At a White House meeting, the prime minister will express his concern that pro-western Arab governments are "getting squeezed" by the crisis and the longer it continues, the more squeezed they will be, giving militants a boost. The private view at No 10 is that the Bush administration is "prevaricating" over the resolution and allowing the conflict to run on too long.
But Mr Bush does not seem to be in any hurry to resolve the crisis and last night upped the ante by appearing to threaten Iran. "Hizbullah attacked Israel. I know Hizbullah is connected to Iran," Mr Bush said. "Now is the time for the world to confront this danger."
Mr Blair wants to demonstrate that he has influence in the White House and that Britain has a policy independent of the US. Polls this week indicated public disquiet over his closeness to Mr Bush and the failure to act more decisively to end the bloodshed.
The US and Britain have stood against most of the rest of the world in refusing to call for an immediate ceasefire. Mr Blair has held his position on that but he will press for the US to move faster by backing the resolution.
In the run-up to the Iraq war in 2003, Mr Blair pushed the US to support a UN security council resolution but in the end US support was half-hearted and the resolution failed to materialise. Since the present Middle East conflict began on July 12th, the US has prevented any resolution in the security council.
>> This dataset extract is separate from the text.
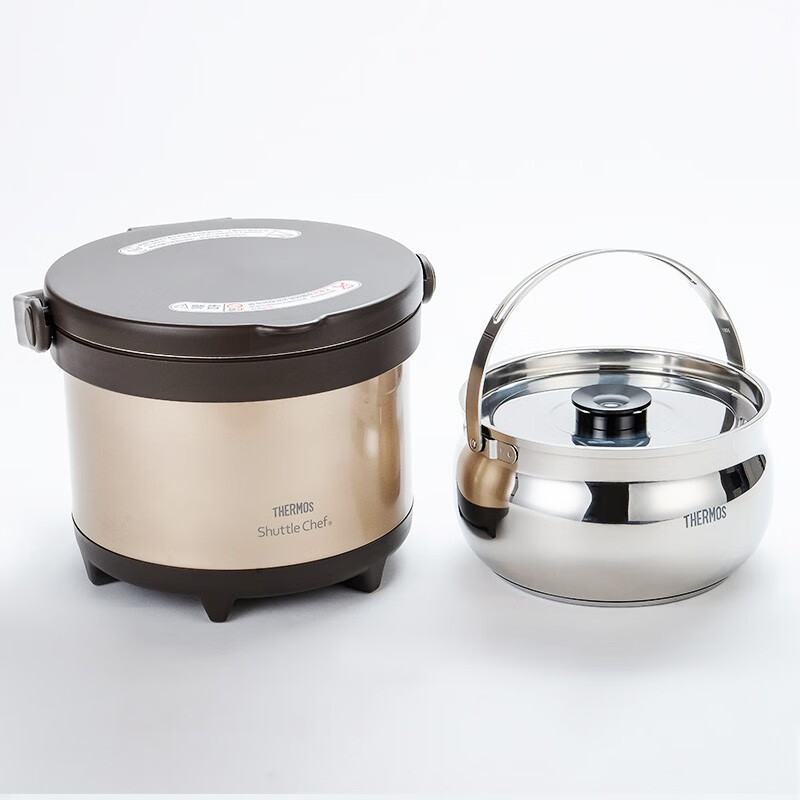 THERMOS stew pot, fire-free stew pot, high vacuum stainless steel thermal insulation soup pot, outdoor camping 2.6L TCRA-3000 gold 2.6L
With an eye on the Arab world, Mr Blair wants to ensure that Hizbullah and like-minded militant groups such as Hamas in Palestine do not emerge stronger from the crisis. He will reiterate to Mr Bush that the key to resolving the violence is a resolution of the Palestinian issue.
No 10 dismissed the dispute over US military flights using Prestwick airport in Scotland to transport weapons to Israel without telling Britain as an issue of process, not principle, which will not overshadow the talks.
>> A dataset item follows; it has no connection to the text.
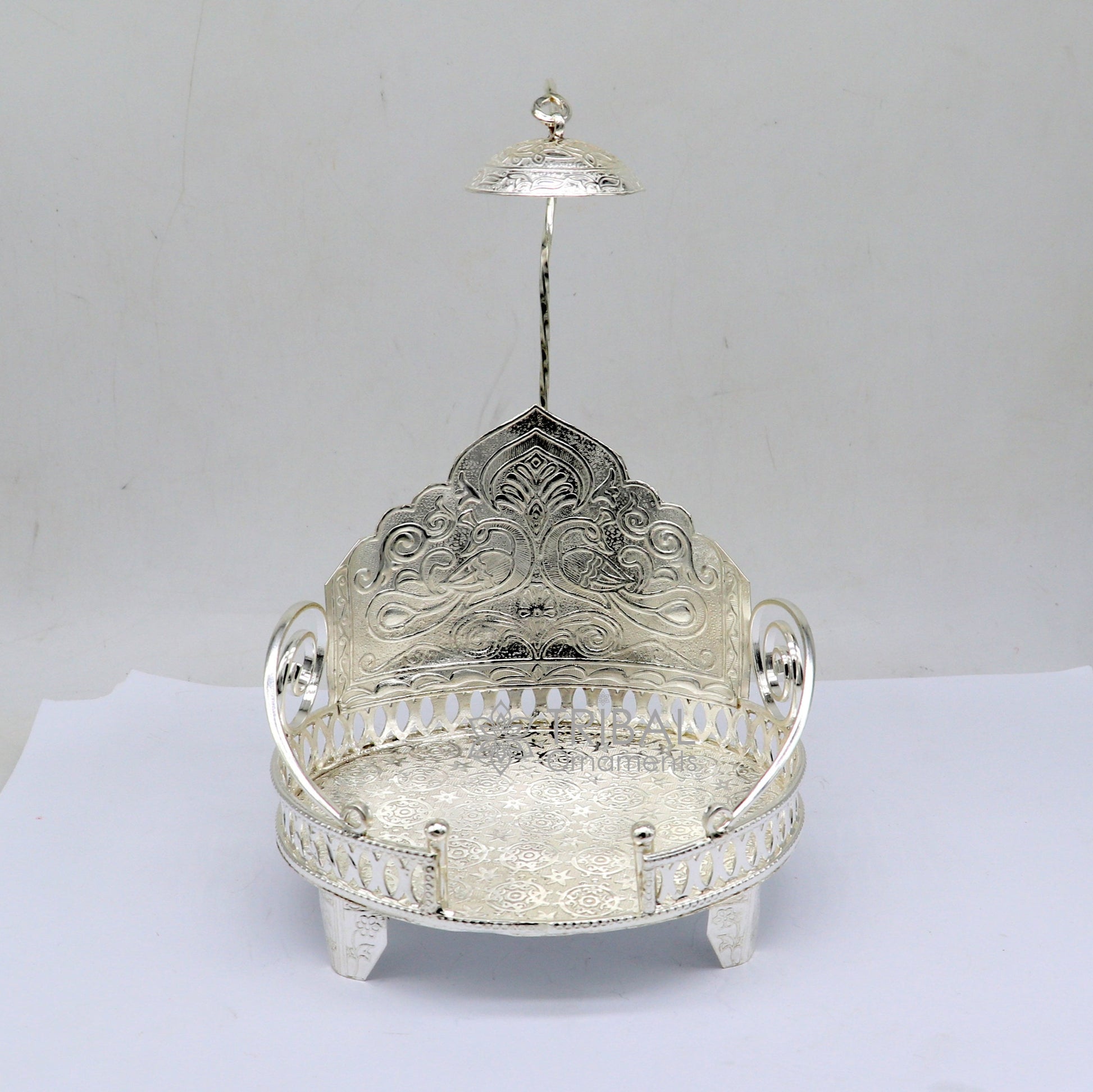 925 sterling silver sterling Sinhasan, singhasan idol god throne, god statue's divine chair, temple puja Chouki article article su1109 - TRIBAL ORNAMENTS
France, which holds the presidency of the security council, has drafted the outline of a UN resolution which it wants to push to a vote early next week. Philippe Douste-Blazy, the French foreign minister, said: "If we don't stop things now, an absolutely hellish spiral will be unleashed. It would not just be between Israel and Hizbullah but also increasingly between Israel and Arab countries, and increasingly between the West and the Muslim world." - (Guardian service)
• The Government has said no freight aircraft carrying US munitions have landed at any Irish airport in the last month, writes Mark Hennessy, Political Correspondent, following the disclosure that arms were secretly shipped through a Scottish airport.
But more than 250 passenger aircraft carrying US troops to and from Iraq, along with their personal weapons, have been given permission to use Shannon over the same period, the Department of Transport said last night.
Under Irish law, foreign authorities are required to notify the department if they are carrying munitions on civilian aircraft into Irish airspace, while the Department of Foreign Affairs must be told if a foreign country is using an official aircraft to carry supplies.
A cargo aircraft landed in Shannon in February carrying three Boeing Apache helicopters.
Initially, both the Department of Transport and the Department of Foreign Affairs denied any knowledge of the flight, but they later accepted that the aircraft had used the airport.
Fianna Fáil TD Michael Woods later told the Oireachtas Committee on Foreign Affairs that the aircraft had originally intended to land in Iceland, but plans were changed at the last minute because of a technical fault.